We chose to prioritise sensitivity when dichotomising the items since we consider an increased attention on potential psychological issues in patients for whom it is irrelevant less problematic than not being aware of depressive symptoms in those for whom it matters. The cut-point had no implications for the identification of the best screening items and could be altered if wanting a lower number of false positives.
In conclusion, signs of depression were infrequent in this LBP cohort seeking chiropractic care. Depression was associated with outcome but not a major explanation of poor prognosis. Single items of the MDI performed almost as good as prognostic factors as did the entire scale and items 1 or 3 can be used as alternatives to the total scale when a brief screening tool is needed. Head-to-head comparisons with other screening questions for depression are needed in order to recommend one rather than another. In short, depression is of importance in LBP when present but not prevalent in chiropractic practice. Therefore we recommend screening for depression with a very brief tool. This could be item 1 or item 3 from the MDI.

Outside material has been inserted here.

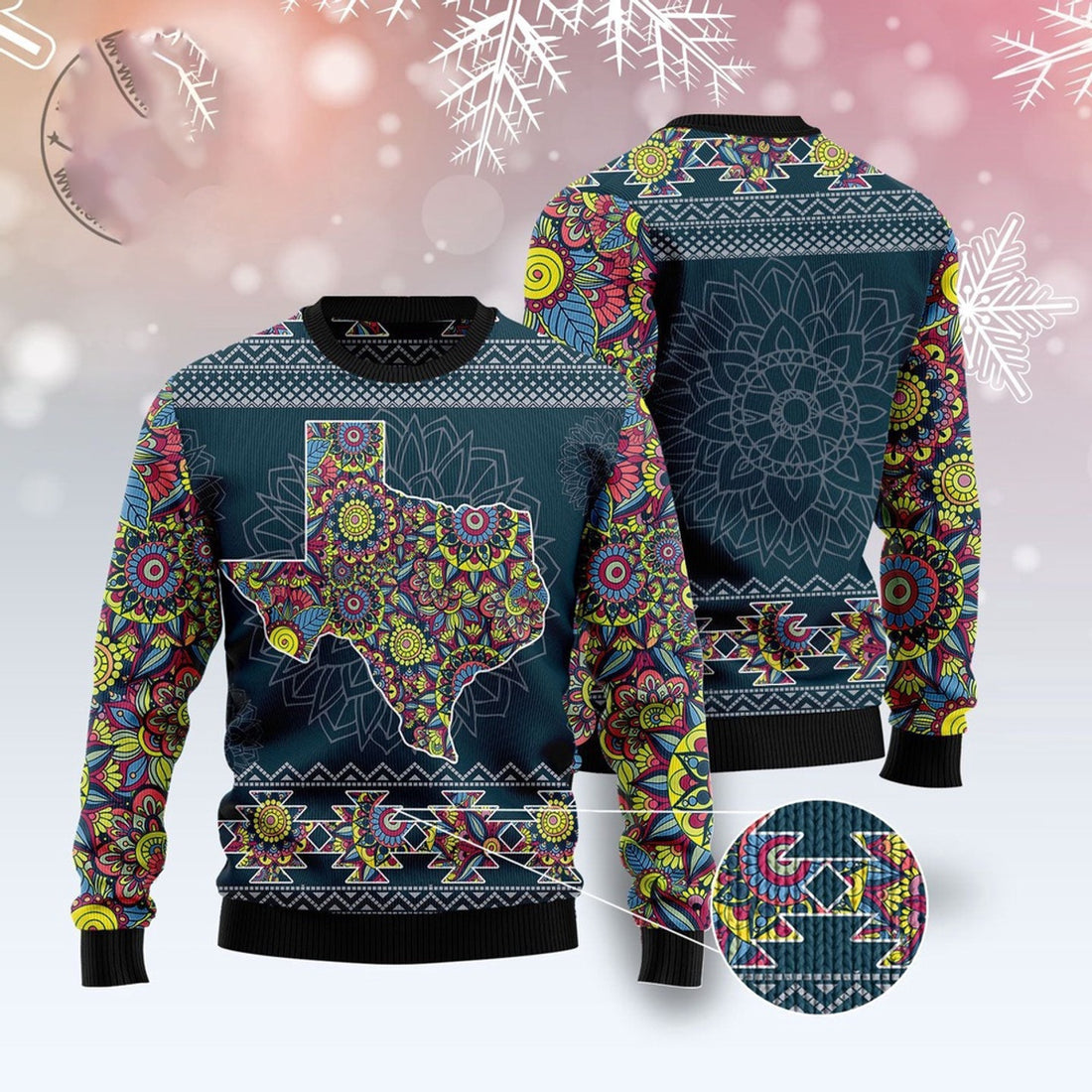 FUNSTUFFPRINT Texas Blue Mandala Ugly Christmas Sweater, Christmas Sweater, Ugly Sweater, Funny Xmas Sweaters Ugly Sweater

The authors have no financial or non-financial competing interests to declare. The Foundation for Chiropractic Research and Post Graduate Education, Denmark funded the study and is continuously financing the Nordic Institute of Chiropractic and Clinical Biomechanics.
AK formed the study idea. All authors were involved in the design of the study, interpretation of data, revision of the manuscript, and all gave final approval of the manuscript. AK performed the data analysis and wrote the initial draft of the manuscript.
The authors want to thank participating patients, clinicians in the research network of the Nordic Institute for Chiropractic and Clinical Biomechanics, and the Foundation for Chiropractic Research and Post Graduate Education.